A Cimeira do G20 em Osaka (Japão), que a Espanha vem com pouca esperança de fazer progresso em questões de combate às alterações climáticas eo comércio internacional em relação à última reunião, no final de 2018 em Buenos Aires, começa com tensões para conseguir acordos reais sobre estas questões.
Neste complicado momento de relações internacionais, o presidente espanhol do governo, o socialista Pedro Sánchez, viaja para a cidade japonesa na quarta-feira para participar de seu segundo G20 - realizado na sexta e no sábado.
Debate sobre mudanças climáticas
O encontro ocorre em meio a uma guerra comercial entre a China e os EUA, que também afeta a Europa, e com o debate aberto sobre o clima, marcado pela atitude desafiadora do presidente dos EUA, Donald Trump.
E tem lugar pouco antes da cimeira extraordinária no domingo, em Bruxelas, para tentar chegar a um acordo sobre a divisão institucional da União Europeia (UE), por isso é provável que Sanchez discutir a questão nos contactos bilaterais têm no Japão com outra Líderes europeus, como a chanceler alemã, Angela Merkel, e o presidente da França, Emmanuel Macron.
E na chegada em Osaka, Sanchez terá uma primeira coordenação entrevista com chefes de governo europeus presentes: Merkel, Macron, o primeiro-ministro ainda britânico, Theresa May, o holandês Mark Rutte e italiano Giuseppe Conte.

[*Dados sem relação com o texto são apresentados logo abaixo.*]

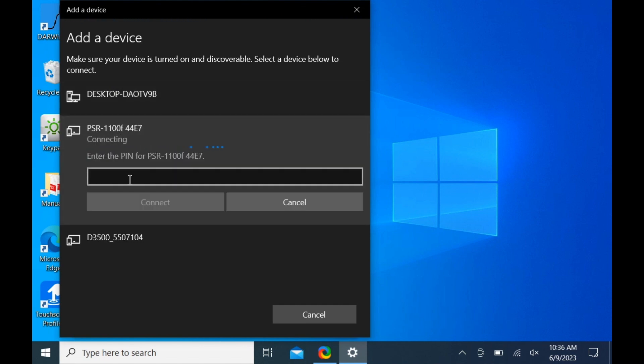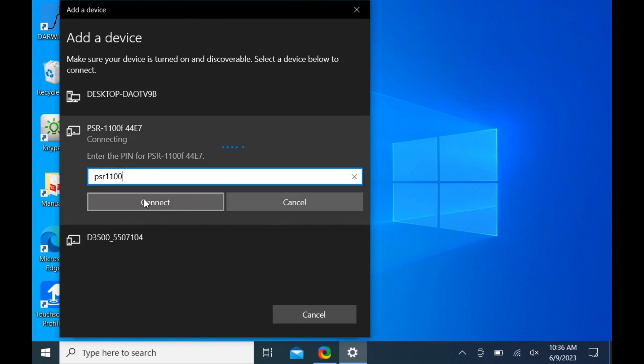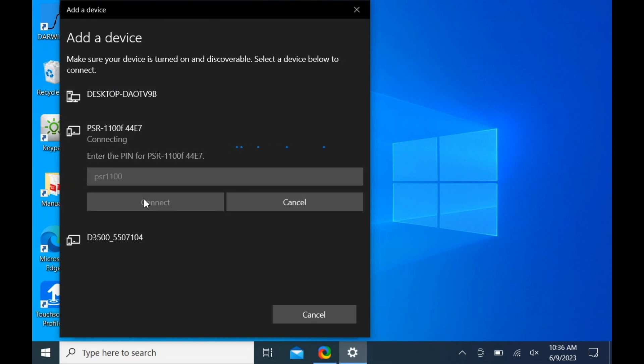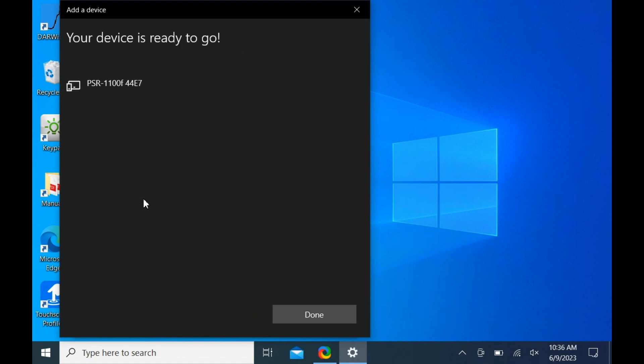In the pin field, enter the device password provided in the user manual. It is typically the model of the system in lowercase without hyphens. Then click connect. Click done.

Ele também quer um encontro com os participantes ibero-americanos para a cúpula, embora não seja fechado, e que seria o presidente do Brasil, Jair Bolsonaro; o da Argentina, Mauricio Macri; a do Chile, Sebastián Piñera, e do chanceler mexicano, Marcelo Ebrard.
Fontes do Executivo espanhol lembram que esta cúpula começa com dificuldades porque está sendo difícil chegar a acordo sobre a declaração conjunta para as duas questões mais espinhosas, o comércio internacional e as mudanças climáticas.
Sanchez planeja participar das sessões sobre mudança climática, inovação e digitalização, e insistirá em que não há como voltar atrás no cumprimento do Acordo de Paris.
Ele também falará nesta sessão de outras questões em discussão, como a poluição marinha ou o efeito da migração no clima.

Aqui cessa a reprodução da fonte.